Sorry for the delay.
This is the query:
{
"query": ▿{
"bool": ▿{
"must": ▿[
▿{
"bool": ▿{
"should": ▿[
▿[
▿{
"multi_match": ▿{
"query": "promotie",
"fields": ▿[
"d_author^1",
"d_body^1",
"d_snippetContent^1"
]
}
}
]
]
}
}
],
"should": ▿[
▿{
"bool": ▿{
"must": ▿{
"match": ▿{
"d_content_type": ▿{
"query": "html",
"boost": 1000
}
}
}
}
},
▿{
"bool": ▿{
"should": ▿[
▿{
"match_phrase": ▿{
"d_author.keyword^100": "promotie"
}
},
▿{
"match_phrase": ▿{
"d_body.keyword^100": "promotie"
}
},
▿{
"match_phrase": ▿{
"d_snippetContent.keyword^100": "promotie"
}
}
]
}
}
],
"must_not": ,
"filter": ▿[
▿{
"bool": ▿{
"must": ▿[
▿[
▿{
"term": ▿{
"d_allow_token_document.keyword": "nosecurity"
}
}
]
]
}
}
]
}
},
"_source": ▿{
"excludes": ▿[
"d_body",
"d_sublinks"
]
},
"highlight": ▿{
"require_field_match": false,
"pre_tags": ▿[
""
],
"post_tags": ▿[
""
],
"fields": ▿{
"d_body": ▿{
"type": "plain",
"fragment_size": 200,
"number_of_fragments": 2,
"highlight_query": ▿{
"match_phrase": ▿{
"d_body": "promotie"
}
}
},
"d_title": ▿{
"type": "plain",
"fragment_size": 200,
"number_of_fragments": 2,
"highlight_query": ▿{
"match_phrase": ▿{
"d_title": "promotie"
}
}
}
}
},
"suggest": ▿{
"text": "promotie",
"phrase_suggestion": ▿{
"phrase": ▿{
"field": "d_title.trigram",
"direct_generator": ▿[
▿{
"field": "d_title.trigram",
"suggest_mode": "always",
"prefix_length": 0
}
]
}
}
}
}

(sorry for the layout)

Marten · January 8, 2021, 3:53pm

Examples of the response:
1st search:
▿{
"took": 37,
"timed_out": false,
"_shards": ▿{
"total": 5,
"successful": 5,
"skipped": 0,
"failed": 0
},
"hits": ▿{
"total": 6506,
"max_score": 194.98152,
"hits": ▿[
▿{
"_index": "rugsearchv22",
"_type": "rugsearchv22",
"_id": "https://www.rug.nl/staff/s.s.m.peters/projects",
"_score": 194.98152,
"_source": ▿{ ....

2nd search:
▿{
"took": 33,
"timed_out": false,
"_shards": ▿{
"total": 5,
"successful": 5,
"skipped": 0,
"failed": 0
},
"hits": ▿{
"total": 6506,
"max_score": 194.77722,
"hits": ▿[
▿{
"_index": "rugsearchv22",
"_type": "rugsearchv22",
"_id": "https://www.rug.nl/staff/s.s.m.peters/projects",
"_score": 194.77722,
"_source": ▿{ ....

3rd search:
▿{
"took": 69,
"timed_out": false,
"_shards": ▿{
"total": 5,
"successful": 5,
"skipped": 0,
"failed": 0
},
"hits": ▿{
"total": 6506,
"max_score": 194.68721,
"hits": ▿[
▿{
"_index": "rugsearchv22",
"_type": "rugsearchv22",
"_id": "https://www.rug.nl/staff/s.s.m.peters/projects",
"_score": 194.68721,
"_source": ▿{ ....

4th search:
▿{
"took": 25,
"timed_out": false,
"_shards": ▿{
"total": 5,
"successful": 5,
"skipped": 0,
"failed": 0
},
"hits": ▿{
"total": 6506,
"max_score": 194.64012,
"hits": ▿[
▿{
"_index": "rugsearchv22",
"_type": "rugsearchv22",
"_id": "https://www.rug.nl/staff/s.s.m.peters/projects",
"_score": 194.64012,
"_source": ▿{ ....

At a certain moment the score of the 1st hit drops below the second hit and the results are shown in a different order.

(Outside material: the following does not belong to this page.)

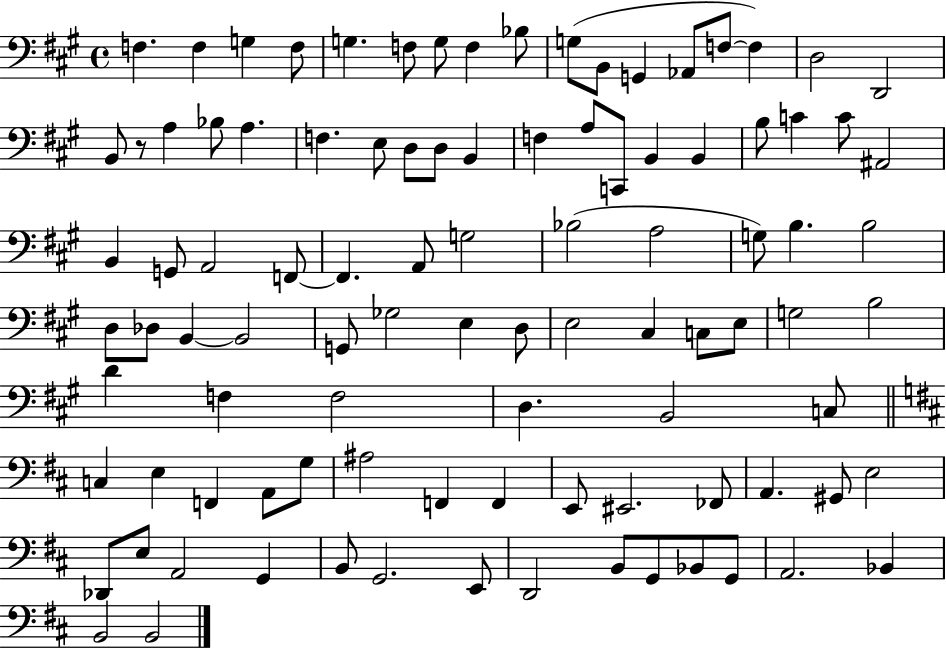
F3/q. F3/q G3/q F3/e G3/q. F3/e G3/e F3/q Bb3/e G3/e B2/e G2/q Ab2/e F3/e F3/q D3/h D2/h B2/e R/e A3/q Bb3/e A3/q. F3/q. E3/e D3/e D3/e B2/q F3/q A3/e C2/e B2/q B2/q B3/e C4/q C4/e A#2/h B2/q G2/e A2/h F2/e F2/q. A2/e G3/h Bb3/h A3/h G3/e B3/q. B3/h D3/e Db3/e B2/q B2/h G2/e Gb3/h E3/q D3/e E3/h C#3/q C3/e E3/e G3/h B3/h D4/q F3/q F3/h D3/q. B2/h C3/e C3/q E3/q F2/q A2/e G3/e A#3/h F2/q F2/q E2/e EIS2/h. FES2/e A2/q. G#2/e E3/h Db2/e E3/e A2/h G2/q B2/e G2/h. E2/e D2/h B2/e G2/e Bb2/e G2/e A2/h. Bb2/q B2/h B2/h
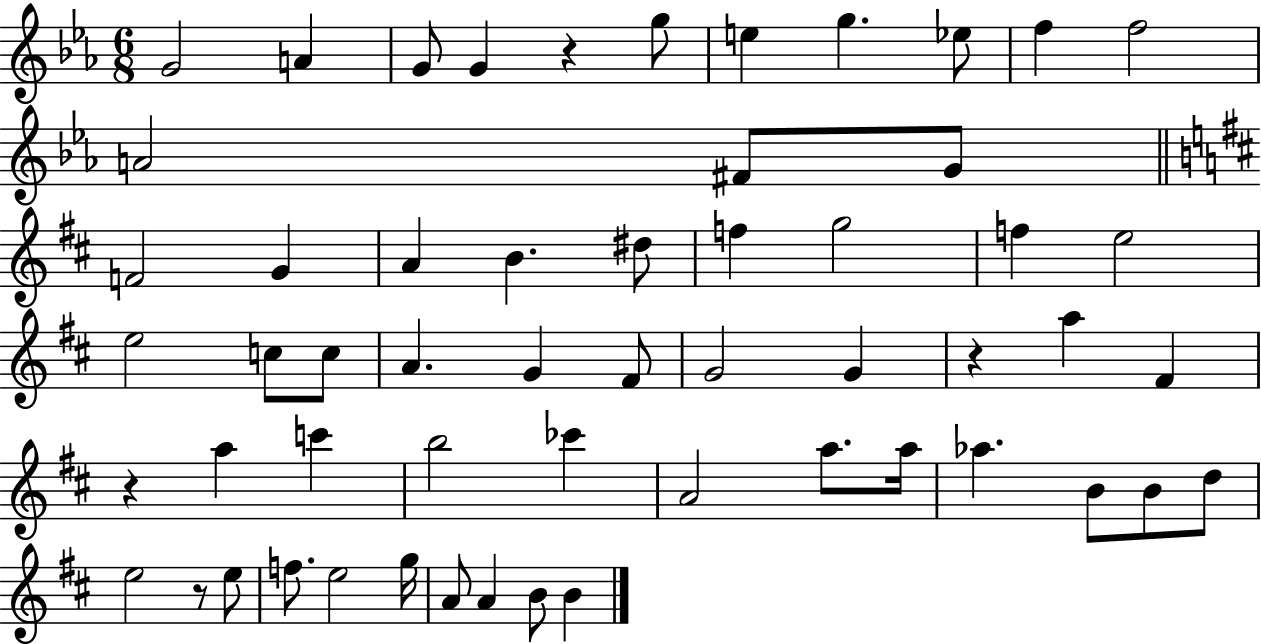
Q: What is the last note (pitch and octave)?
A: B4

Data hasn't changed in the meantime.

Best Regards,

Marten

myspacebarisbroken · January 9, 2021, 6:41am

Try running a explain query to get some details on why it's scoring it the way it is.

Something like this:

curl -XGET 'https://localhost:9200/rugsearchv22/rugsearchv22/<somedocid>/_explain?pretty=1' -d '  
{
   "query" : {
      "match" : {
         "title" : "life"
      }
   }
}

I'm not sure whats up in your _id field, and why it's a URL, but this should help give some insight on why it's scoring that document the way it is.

Read more on scoring here: https://www.elastic.co/guide/en/elasticsearch/reference/5.6/recipes.html#consistent-scoring

That link and the paragraph directly below it https://www.elastic.co/guide/en/elasticsearch/reference/5.6/recipes.html#_relevancy_looks_wrong explains what's happening.

To put it simply, scores are calculated according to each shards statistics. Which can change.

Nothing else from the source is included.